When you choose to end your marriage through divorce, there are usually financial repercussions to that decision. Typically, you will have to divide income and debts accumulated during your marriage with your spouse. That can mean losing out on half of your assets, including equity in your home and funds in your retirement account.

However, since every marriage is unique, every divorce is also unique from other divorces. That means that it can be very difficult to predict exactly how the courts will handle the process of asset division if you do not have a prenuptial agreement. Unless there is an agreement between you and your spouse, the courts will make these important decisions on your behalf.

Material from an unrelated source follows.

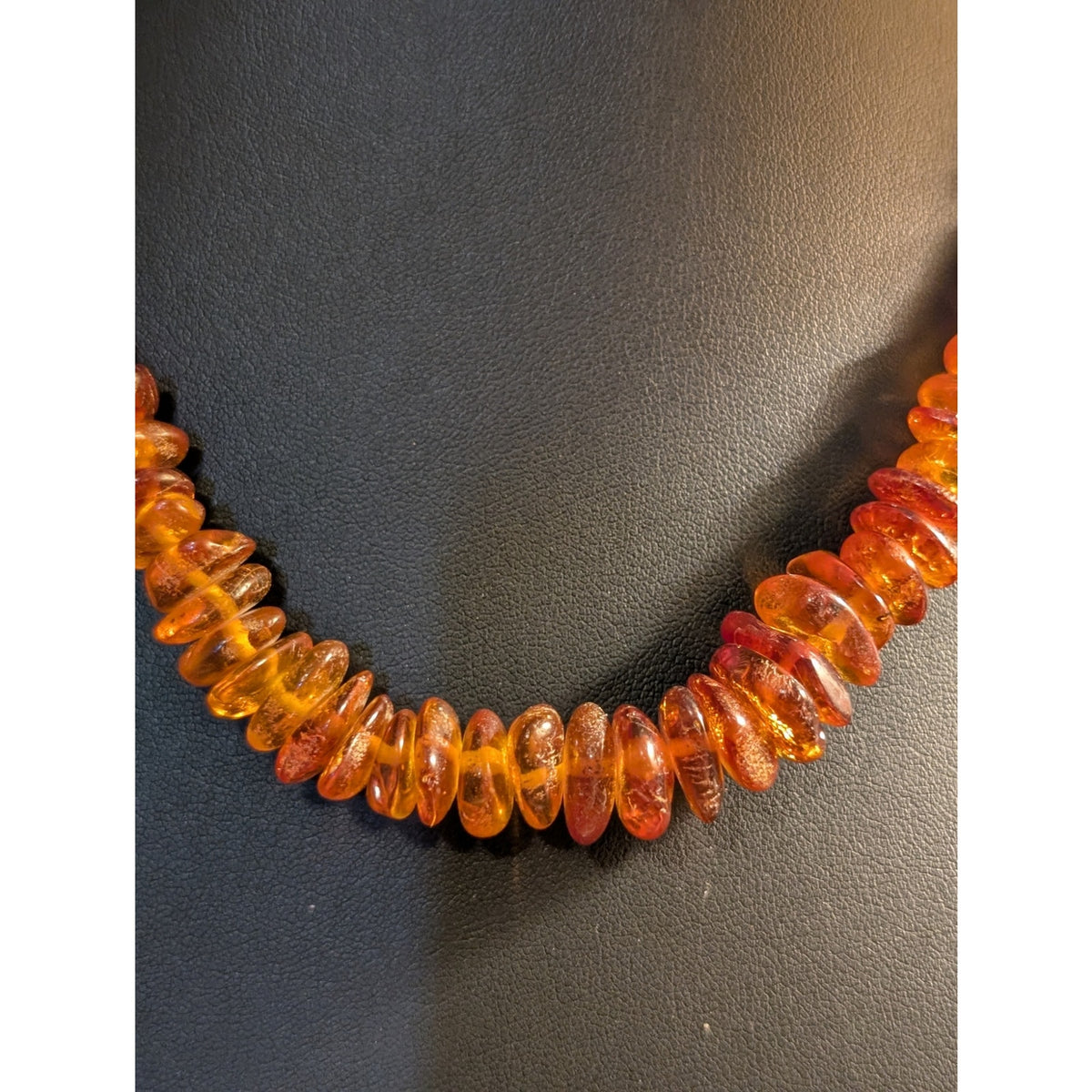 Vintage Graduated Amber Nugget Chip 19" Necklace w/ Barrel Clasp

The closer you and your spouse are to retirement age, the more nerve-wracking that lack of knowledge may become. After all, it takes a lot of planning and saving to ensure a financially secure retirement.

Minnesota courts strive for equitable division of assets

The standard that Minnesota courts use for splitting up marital assets in a divorce is equitable distribution. In other words, Minnesota judges must do their best to split the assets and debts you accumulated during your marriage in a manner that is fair to both you and your spouse if you can't come to an agreement about how to split them up yourselves.

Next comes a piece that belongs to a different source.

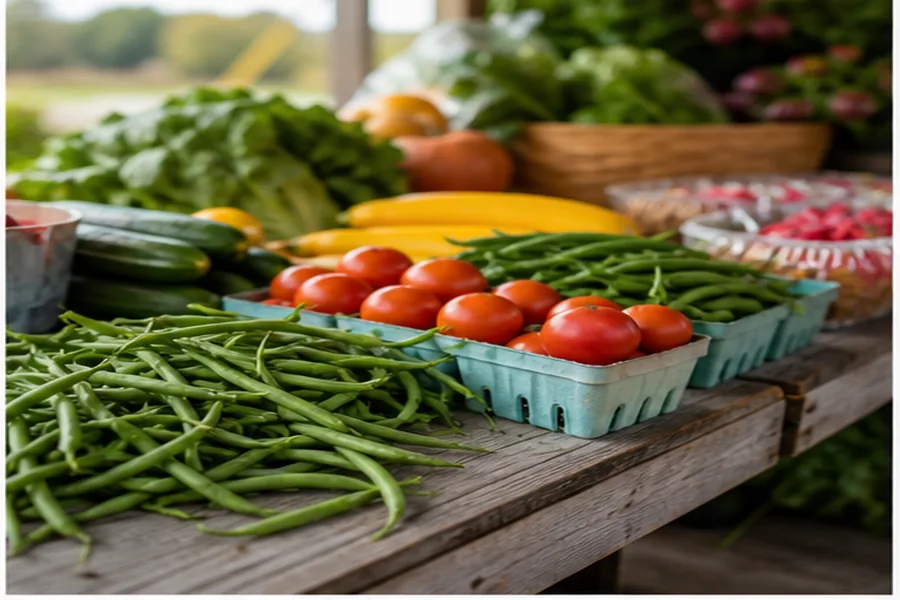Summer roadside produce stand close up for farm market pages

Equitable does not inherently mean even. Instead, it is a standard of fairness based on many factors, including the contributions of each spouse to the marriage and the duration of the marriage. They will also look at the lifestyle you've known during marriage. The courts will also consider if there is any child support or spousal support ordered in your divorce when splitting your possessions and debts.

In most cases, retirement accounts and pensions get split by the courts

When the courts work on asset division, they care less about whose name is on an account and more about when deposits got made. Funds accrued during your marriage, including employer matching amounts, are typically part of the marital property.

Even pensions, which are typically a benefit of your employment at a particular business, can get split. If your pension is not currently in disbursement, the courts may choose to offset its overall value with other assets allocated to your spouse. Alternatively, they could request that the pension itself is split or that you pay spousal support once the pension becomes active.

Retirement accounts will also usually end up divided. While that means you will have less to retire on than you planned, you shouldn't stay married just to protect your retirement. Instead, you should plan carefully and do your best to rebuild those retirement assets as soon as possible.